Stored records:
⁂
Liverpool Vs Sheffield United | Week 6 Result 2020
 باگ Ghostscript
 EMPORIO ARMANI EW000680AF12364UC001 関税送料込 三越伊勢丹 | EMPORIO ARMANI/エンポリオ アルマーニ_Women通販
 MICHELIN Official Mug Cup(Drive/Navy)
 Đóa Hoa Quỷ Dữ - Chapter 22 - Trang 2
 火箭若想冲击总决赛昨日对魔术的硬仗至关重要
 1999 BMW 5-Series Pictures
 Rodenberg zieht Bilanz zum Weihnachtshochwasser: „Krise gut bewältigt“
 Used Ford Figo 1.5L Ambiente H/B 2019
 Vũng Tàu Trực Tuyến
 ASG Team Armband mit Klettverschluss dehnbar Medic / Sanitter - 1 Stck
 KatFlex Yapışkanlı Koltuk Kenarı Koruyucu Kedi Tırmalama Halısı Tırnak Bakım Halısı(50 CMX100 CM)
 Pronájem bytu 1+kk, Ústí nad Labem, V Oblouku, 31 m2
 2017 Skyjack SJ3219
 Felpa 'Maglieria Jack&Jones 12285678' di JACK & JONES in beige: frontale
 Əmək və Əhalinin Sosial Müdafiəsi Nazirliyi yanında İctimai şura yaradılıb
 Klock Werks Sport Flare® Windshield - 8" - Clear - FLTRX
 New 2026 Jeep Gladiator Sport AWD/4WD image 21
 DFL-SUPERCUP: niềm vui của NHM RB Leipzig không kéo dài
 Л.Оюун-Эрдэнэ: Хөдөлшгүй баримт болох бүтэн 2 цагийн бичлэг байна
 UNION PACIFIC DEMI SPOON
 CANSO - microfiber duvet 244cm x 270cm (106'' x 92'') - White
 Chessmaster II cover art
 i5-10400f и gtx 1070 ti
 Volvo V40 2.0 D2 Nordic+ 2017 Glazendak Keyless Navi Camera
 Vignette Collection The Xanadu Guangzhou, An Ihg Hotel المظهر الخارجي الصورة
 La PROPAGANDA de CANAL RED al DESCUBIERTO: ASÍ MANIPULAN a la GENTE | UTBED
⁂
- WHAT YOU WILL DO: In the data above, find the line containing "UNION PACIFIC DEMI SPOON", then copy it and every later line exactly.

- FINISHED EXERCISE:
 UNION PACIFIC DEMI SPOON
 CANSO - microfiber duvet 244cm x 270cm (106'' x 92'') - White
 Chessmaster II cover art
 i5-10400f и gtx 1070 ti
 Volvo V40 2.0 D2 Nordic+ 2017 Glazendak Keyless Navi Camera
 Vignette Collection The Xanadu Guangzhou, An Ihg Hotel المظهر الخارجي الصورة
 La PROPAGANDA de CANAL RED al DESCUBIERTO: ASÍ MANIPULAN a la GENTE | UTBED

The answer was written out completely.